RL-Guided Data Selection for Language Model Finetuning
This addresses the challenge of efficient data selection for fine-tuning LLMs, which is crucial for resource-constrained applications, though it is an incremental improvement over existing approximate methods.
The paper tackles the problem of selecting optimal subsets of data for fine-tuning large language models under a strict training budget by framing it as a Markov Decision Process and using reinforcement learning to learn selection policies. The result shows that training on a 5% subset selected by their method matches or outperforms full-dataset fine-tuning by up to 10.8 accuracy points while reducing training time by up to 2 times.

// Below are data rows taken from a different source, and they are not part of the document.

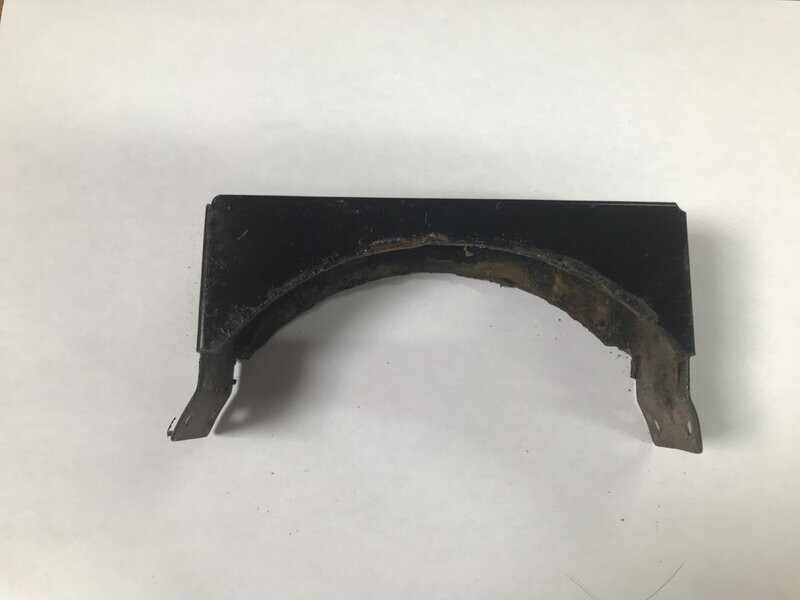 TRIUMPH TR6 INTERIOR LAMP METAL PLINTH BRACKET ON GEARBOX TUNNEL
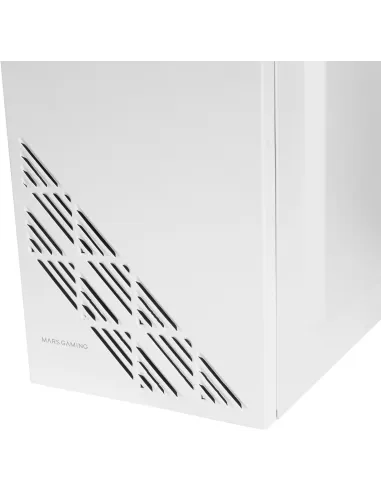 Mars Gaming MC100W Cristal Acrílico USB 3.0 FRGB Blanco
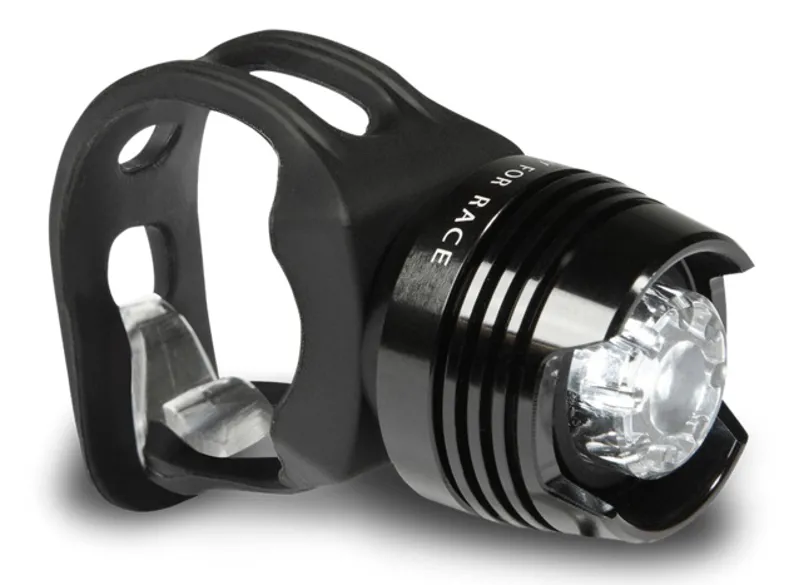 Cube RFR Diamond LED Front Light - Black - Image 2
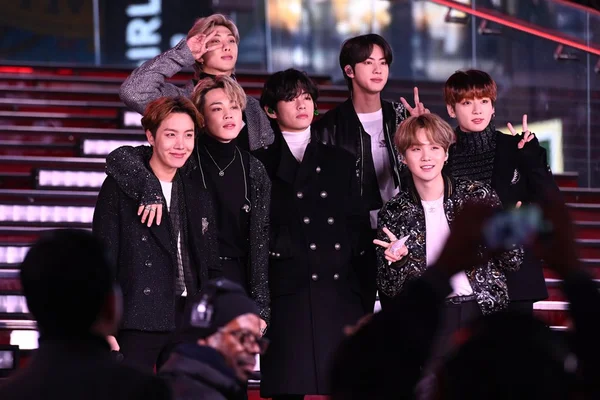 Times Square New Year's Eve 2020 Celebration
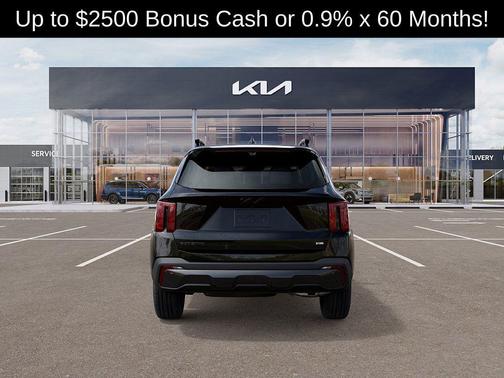 Aurora Black Pearl 2026 Kia Sorento Hybrid SX Prestige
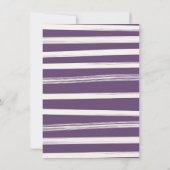 Hexe bekommt Hitched Halloween-Brautparty Einladung (Rückseite)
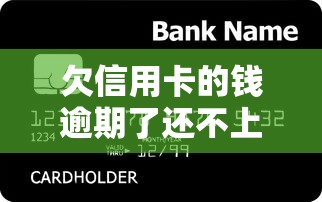 欠信用卡的錢逾期了還不上怎么辦？這5招教你避免被起訴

Data selection for finetuning Large Language Models (LLMs) can be framed as a budget-constrained optimization problem: maximizing a model's downstream performance under a strict training data budget. Solving this problem is generally intractable, and existing approximate approaches are pretraining-oriented and transfer poorly to the fine-tuning setting. We reformulate this problem as a tractable Markov Decision Process (MDP) and train agents using various Reinforcement Learning (RL) methods to learn optimal data selection policies, guided by an efficient, proxy-model-based reward signal. Across four datasets, training on a $5\%$ subset selected by our approach matches or outperforms fine-tuning on the full dataset by up to $10.8$ accuracy points, while cutting wall-clock training time by up to $2 \times$, highlighting the promise of RL-guided data selection.